Neben dem bestehenden Anspruch auf zeitlich unbegrenzte Teilzeitarbeit führen wir einen allgemeinen gesetzlichen Anspruch auf zeitlich begrenzte Teilzeitarbeit (Brückenteilzeit) neu ein für Unternehmen ab 46 Mitarbeiter. Für Unternehmen mit 46 bis 200 Mitarbeitern ist die Zahl der Mitarbeiter, denen sie Brückenteilzeit gewähren müssen, begrenzt. Der neue Anspruch ist – ebenso wie im Fall der zeitlich unbegrenzten Teilzeit – nicht an das Vorliegen bestimmter Gründe wie Kindererziehung oder Pflege von Angehörigen gebunden.
Außerdem schaffen wir Beitragsentlastung für die gesetzlich krankenversicherten Arbeitnehmer und Rentner. Wir kehren zur paritätischen Beitragsfinanzierung (der Beitrag wird zu gleichen Anteilen vom Arbeitgeber und Arbeitnehmer getragen) auch des Zusatzbeitrags zurück. Die Mindestbeitragsbemessungsgrenze für hauptberuflich Kleinselbständige wird halbiert auf 171 Euro.
Im Koalitionsvertrag haben CDU, CSU und SPD ferner die Einführung einer Grundrente vereinbart. Die Grundrente soll nach dem Koalitionsvertrag Menschen helfen, die mindestens 35 Jahre an Beitragszeiten zur Rentenversicherung oder Zeiten der Kindererziehung bzw. Pflegezeiten aufweisen. Voraussetzung für den Bezug der Grundrente ist laut dem Koalitionsvertrag eine Bedürftigkeitsprüfung entsprechend der Grundsicherung. Zu dieser Übereinkunft im Koalitionsvertrag erarbeitet die Union derweil Vorschläge.
Ich möchte hier nicht vergessen zu betonen, daß die Unionsparteien mit der SPD im Koalitionsvertrag vereinbart haben, eine Rentenkommission einzurichten, mit dem Ziel, Beiträge und Rentenniveau in ein langfristiges Gleichgewicht zu bringen. Die Rentenkommission hat bereits im Sommer 2018 ihre Arbeit aufgenommen und soll bis März 2020 einen umfassenden Bericht vorlegen, auf dessen Grundlage die Politik langfristig die Weichen für eine verlässliche Rentenpolitik stellen kann.

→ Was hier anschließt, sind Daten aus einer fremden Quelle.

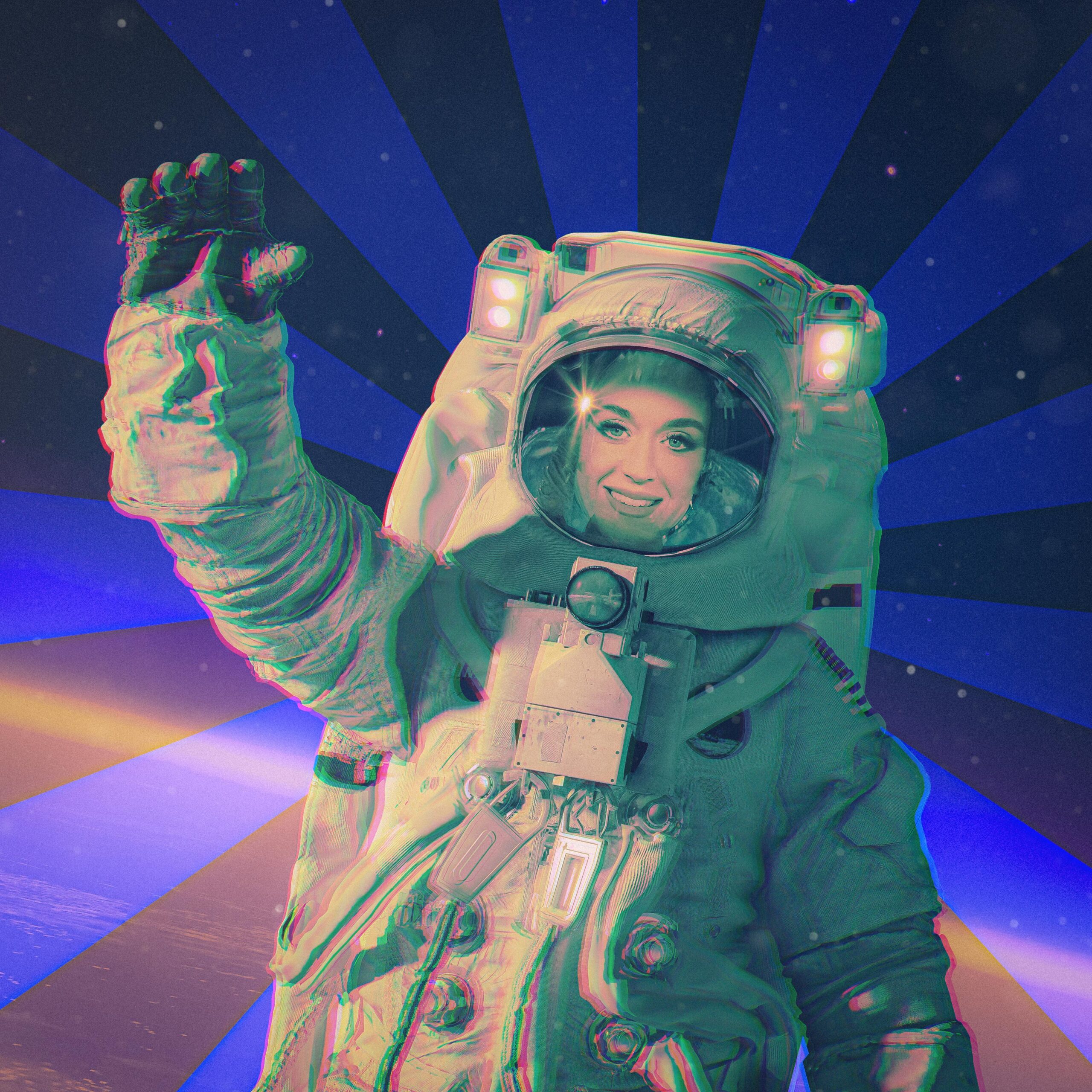 The Reality Of Katy Perry's Space Voyage: Fact Or Fiction? The Reality Of Katy Perry's Space Voyage: Fact Or Fiction?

Dies betrifft Sie nun nicht alles unmittelbar und ich stimme Ihnen zu, daß bei niedrigen Verdiensten der Anreiz zum Arbeiten sehr gering ausfällt. Gerade in der Pflege und in der Gesundheitsversorgung ist dies besonders wichtig, weshalb wir hier auch einen bisherigen Schwerpunkt gesetzt haben.
Ich sehe es zwar recht ähnlich wie Sie, möchte aber noch anmerken, daß vor allem die Bildungschancen für Kinder entscheidend sind, damit sie später nicht in Armut fallen. Hier haben wir auch noch viele Aufgaben vor uns.